#### Records to use ####

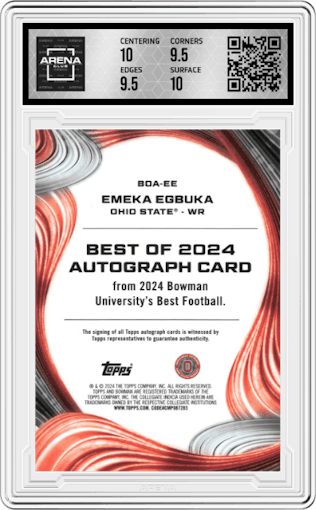 Emeka Egbuka from the 2024 Bowman University Best set graded by Arena Club and given an overall grade of 10.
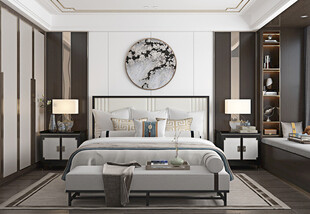 中复古式卧室空间极简现代简约风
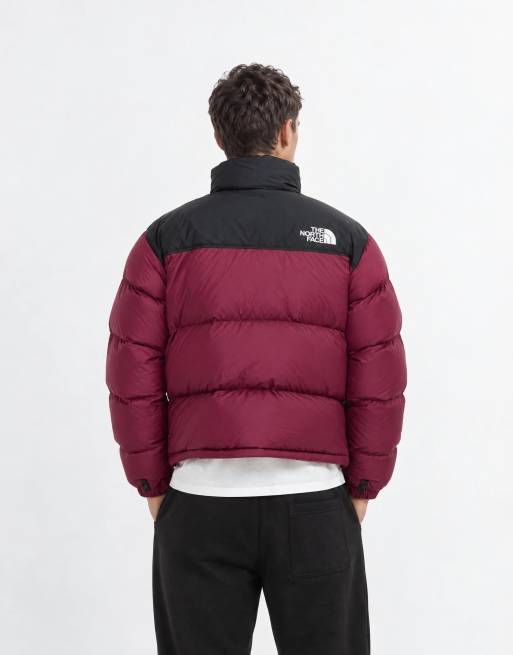 The North Face 1996 Retro Nuptse jacket in burgundy and black, 8 of 9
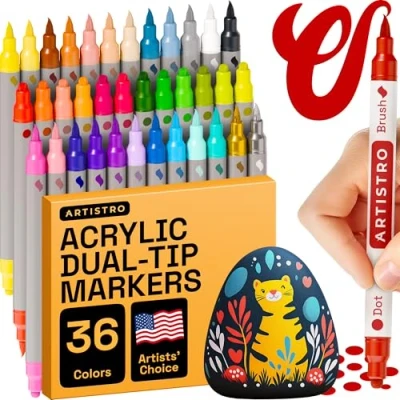 Abbildung von Artistro Acrylstifte 36 Farben, Marker Stifte mit 2 Spitze Pinsel und Punkt, Wasserfeste Stifte, Acrylic für Steine Bemalen, Stoff, Leinwand, Glas, Holz, Papier, DIY Crafts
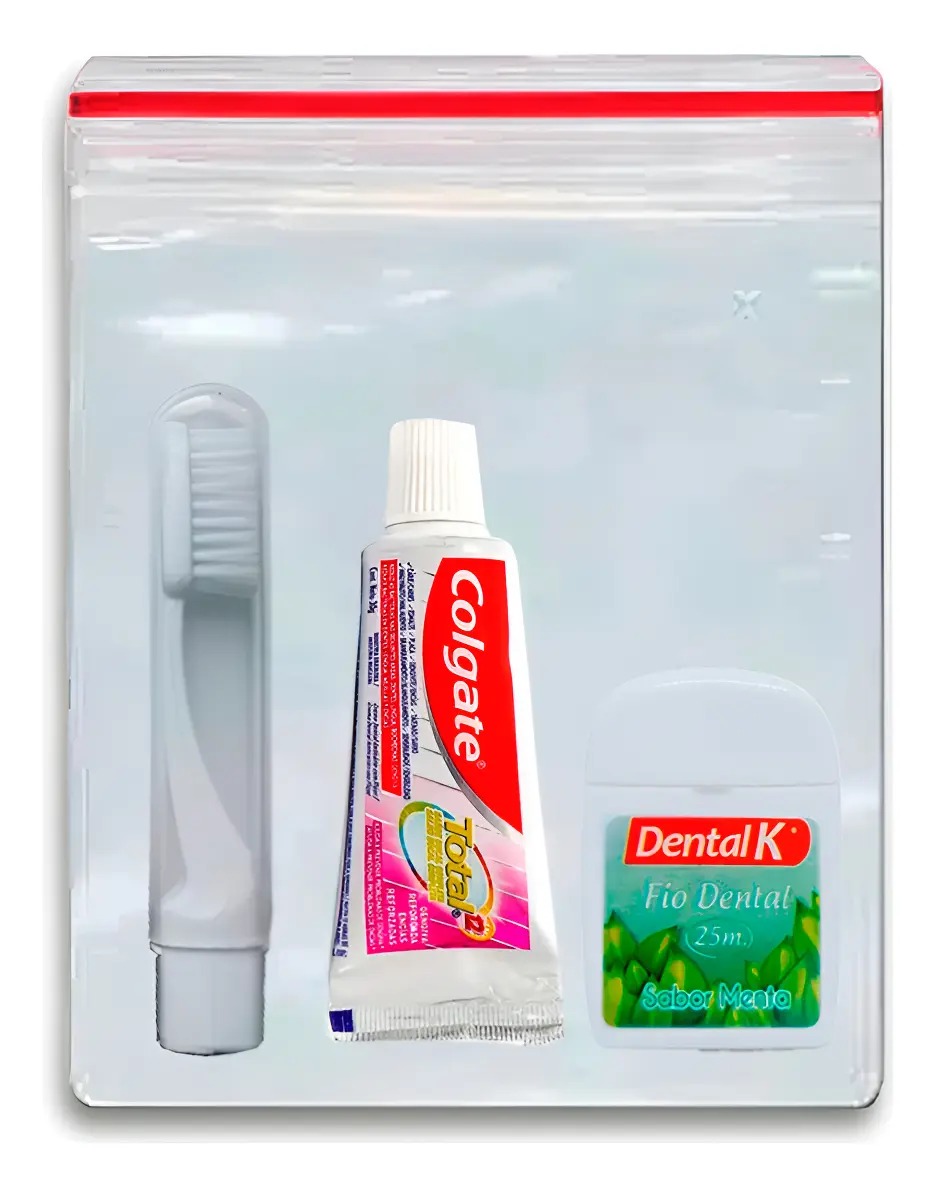 Kit Higiene Bucal p-Viagem Colgate com 1 creme dental Colgate 30gr, 1 Escova de Dentes c-Capa Protetora, 1 Fio Dental 25mt e 1 Embalagem Zip Lock Tam 12x17cm Shigiene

####

- Work item
For every entry above, write it out exactly and remove any image.

- Written solution
 Emeka Egbuka from the 2024 Bowman University Best set graded by Arena Club and given an overall grade of 10.
 中复古式卧室空间极简现代简约风
 The North Face 1996 Retro Nuptse jacket in burgundy and black, 8 of 9
 Abbildung von Artistro Acrylstifte 36 Farben, Marker Stifte mit 2 Spitze Pinsel und Punkt, Wasserfeste Stifte, Acrylic für Steine Bemalen, Stoff, Leinwand, Glas, Holz, Papier, DIY Crafts
 Kit Higiene Bucal p-Viagem Colgate com 1 creme dental Colgate 30gr, 1 Escova de Dentes c-Capa Protetora, 1 Fio Dental 25mt e 1 Embalagem Zip Lock Tam 12x17cm Shigiene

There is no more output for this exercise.